I'll have to add at least one set this year. 

Pilots keep coming up in discussions involving the warping, so I'll add them to my list. You prefer them over the cartels?


----------



## zc1 (Feb 20, 2017)

I run Targas on the Mercury. The adjustable ankle strap lets you dial in the level of response that you want. I leave the strap in the middle position and it's plenty. Katanas would be fine. Pilots would be fine. Also surprised that Cartel ltd. didn't seem responsive enough. What position did you run the ankle strap in?


----------



## jstar (Sep 21, 2016)

zc1 said:


> I run Targas on the Mercury. The adjustable ankle strap lets you dial in the level of response that you want. I leave the strap in the middle position and it's plenty. Katanas would be fine.
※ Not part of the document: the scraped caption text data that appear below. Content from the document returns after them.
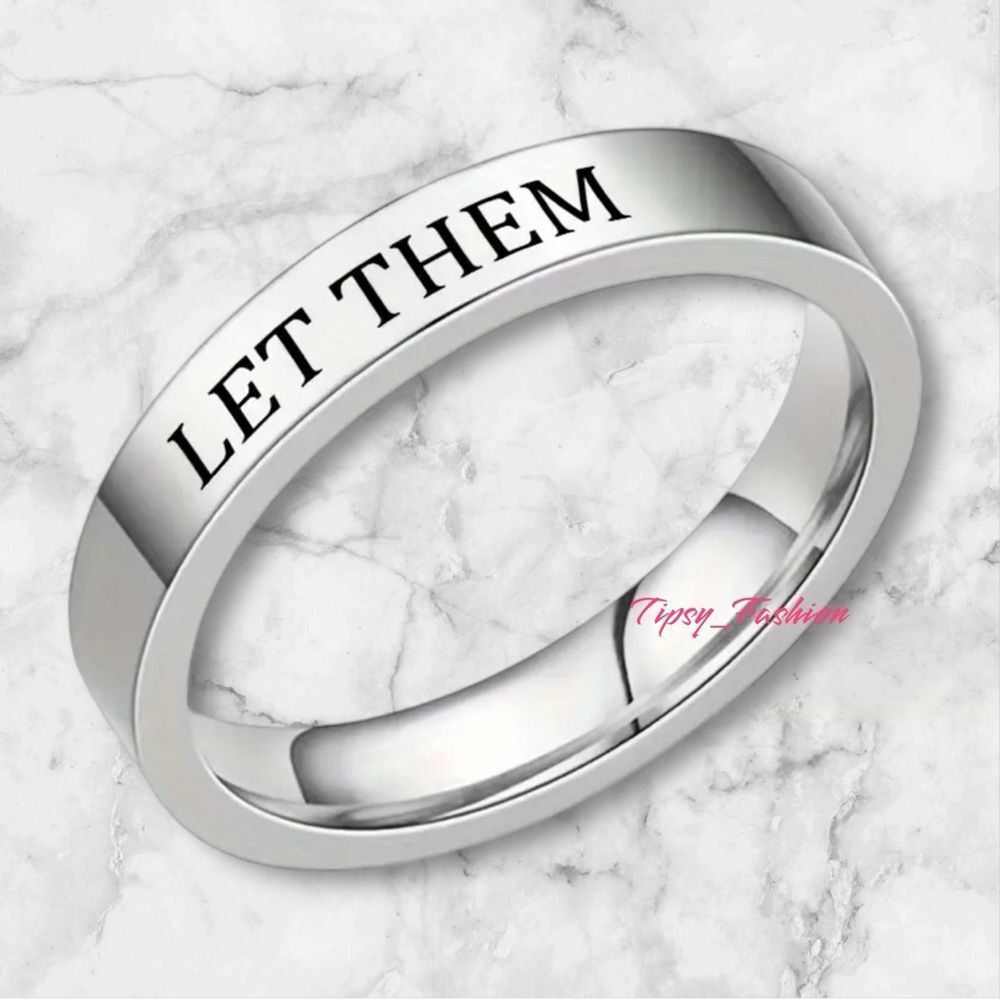 Let Them Engraved Titanium Steel Ring Size 8 Silver Inspirational Band NWT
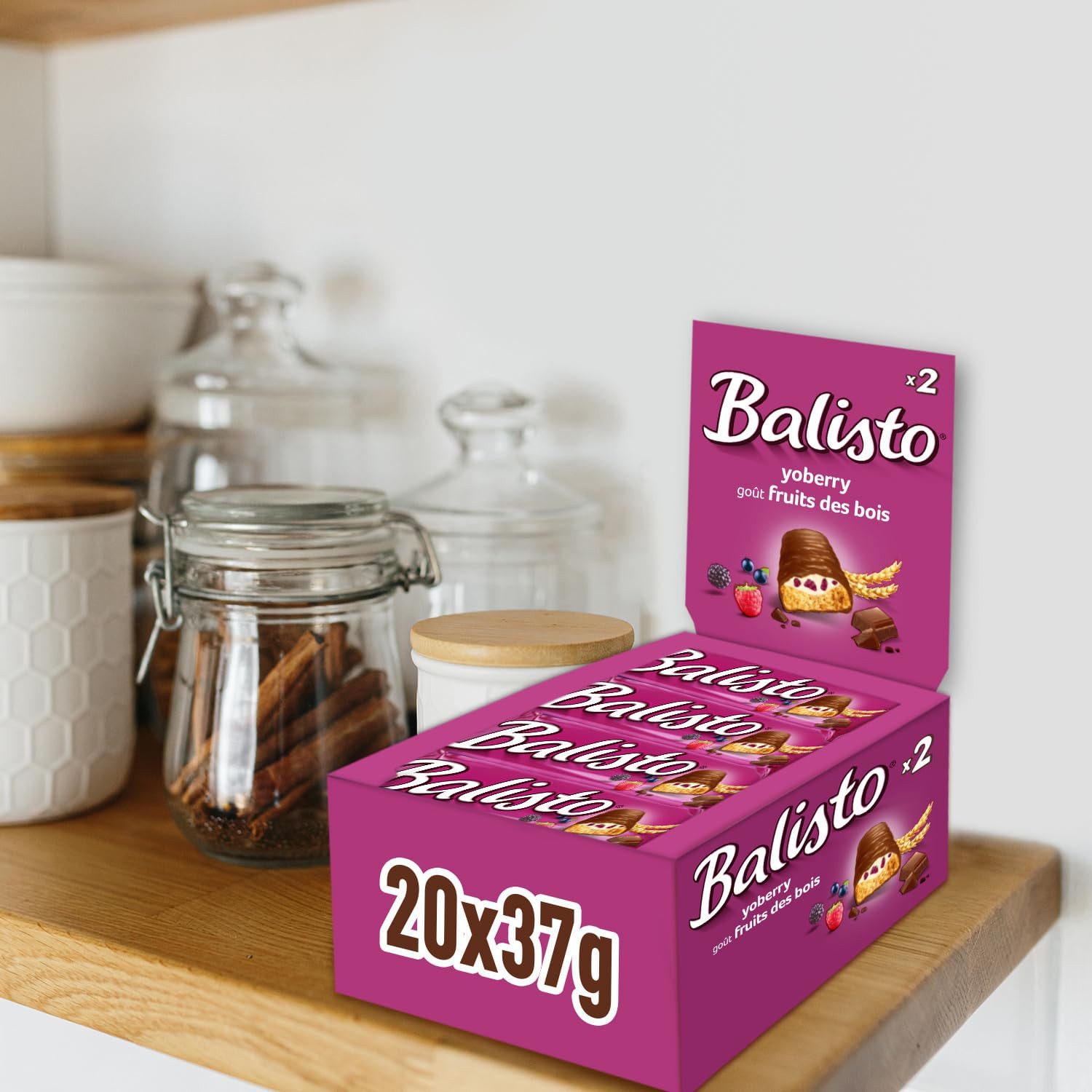 Mars GmbH Süßigkeit Balisto Korn & Yoberry 2x20x35g, Balisto, Schokoriegel, Schokolade, Riegel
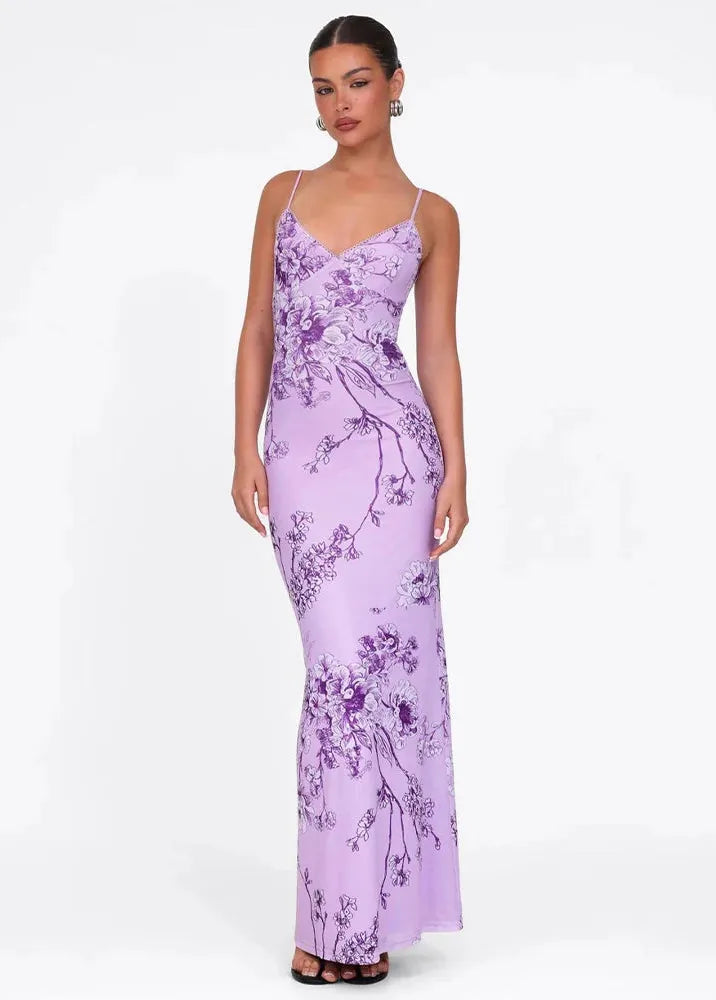 Robe longue lilas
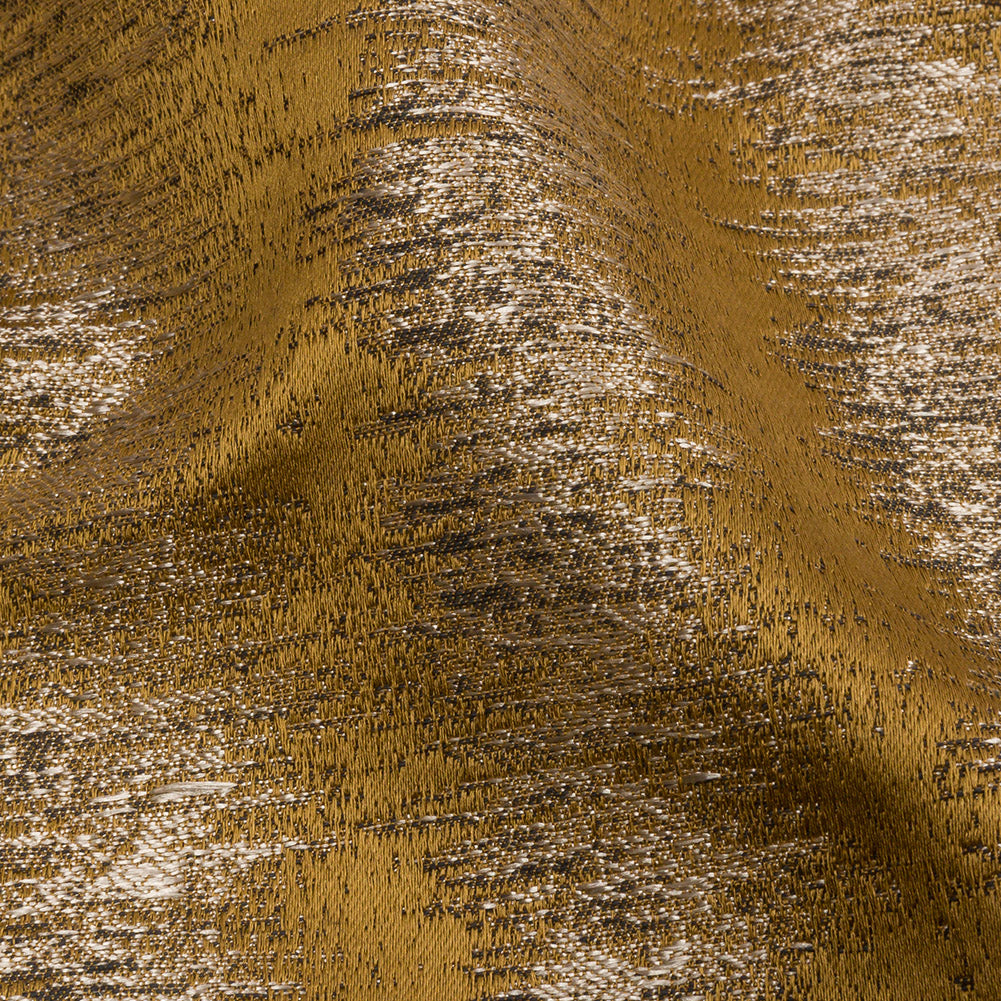 Satin-Faced Metallic Drapery Jacquard - Ochre Ikat Stripes - British Imported Detail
Pilots would be fine. Also surprised that Cartel ltd. didn't seem responsive enough. What position did you run the ankle strap in?


Good point regarding the ankle strap, it's in the middle, but I'll bump it up and see how it feels.

I've been using similar feel bindings for the last few years and I guess i just want to pickup something different that I could try out on all 3.


----------



## Phedder (Sep 13, 2014)

jstar said:


> I'll have to add at least one set this year.
> 
> Pilots keep coming up in discussions involving the warping, so I'll add them to my list. You prefer them over the cartels?


Absolutely prefer them, though they do have hammock straps and get-a-grip toe caps on them :grin: I like the Skate Tech and how it drives a board, I also like the massively cushy footbed and the different durometer bushings to adjust the ride as well. 

That said, I'd happily ride Cartels on pretty much any board out there, and did for quite a while.


----------



## linvillegorge (Jul 6, 2009)

Just get some Flux TMs and throw away everything else.


----------